* [EXERCISE REQUIREMENTS]:
After finding the line with "Kitchen with Island Seating" in the data below, set down exactly each line through the one with "Mepra Casablanca Gold", inclusive, and stop there.

* [SUPPLIED INFORMATION]:
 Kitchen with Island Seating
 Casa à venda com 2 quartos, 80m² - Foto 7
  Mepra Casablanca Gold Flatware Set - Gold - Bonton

==

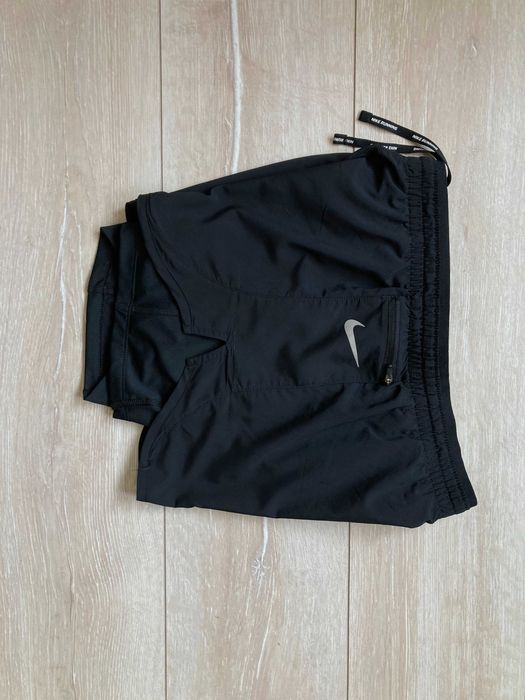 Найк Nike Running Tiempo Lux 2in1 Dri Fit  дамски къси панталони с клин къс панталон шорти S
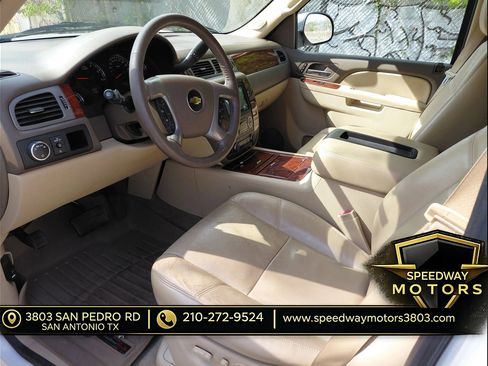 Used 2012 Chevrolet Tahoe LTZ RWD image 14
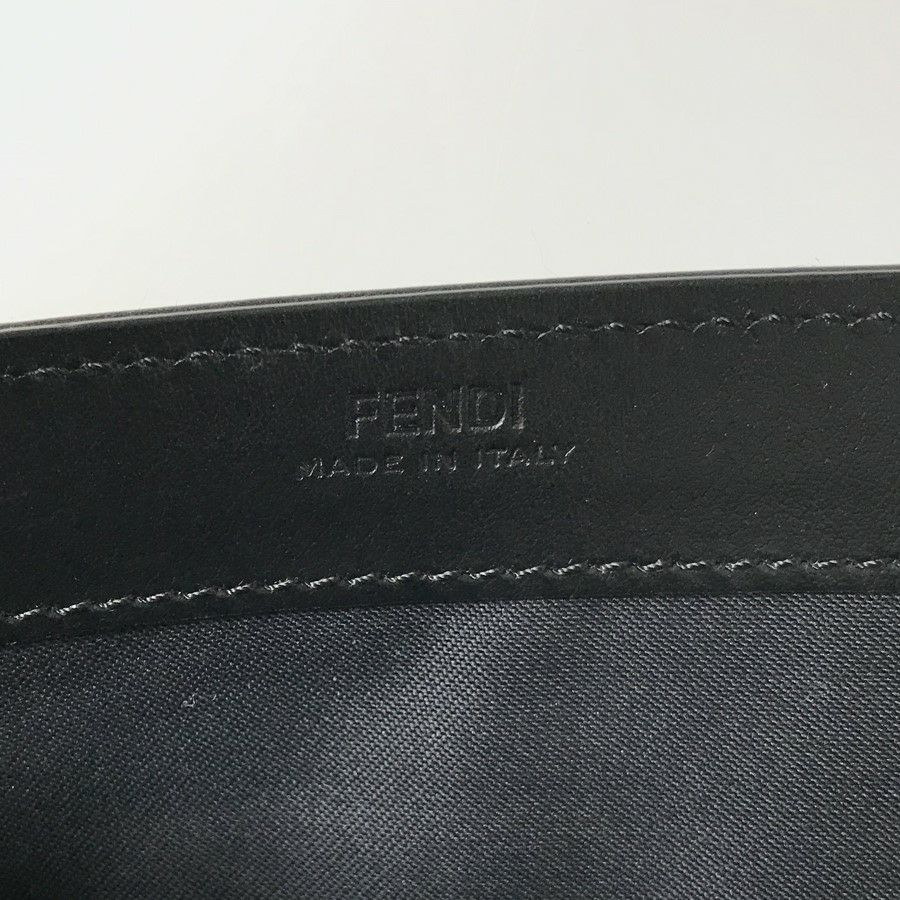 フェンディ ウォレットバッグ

* [RESULT OF THE TASK]:
 Kitchen with Island Seating
 Casa à venda com 2 quartos, 80m² - Foto 7
  Mepra Casablanca Gold Flatware Set - Gold - Bonton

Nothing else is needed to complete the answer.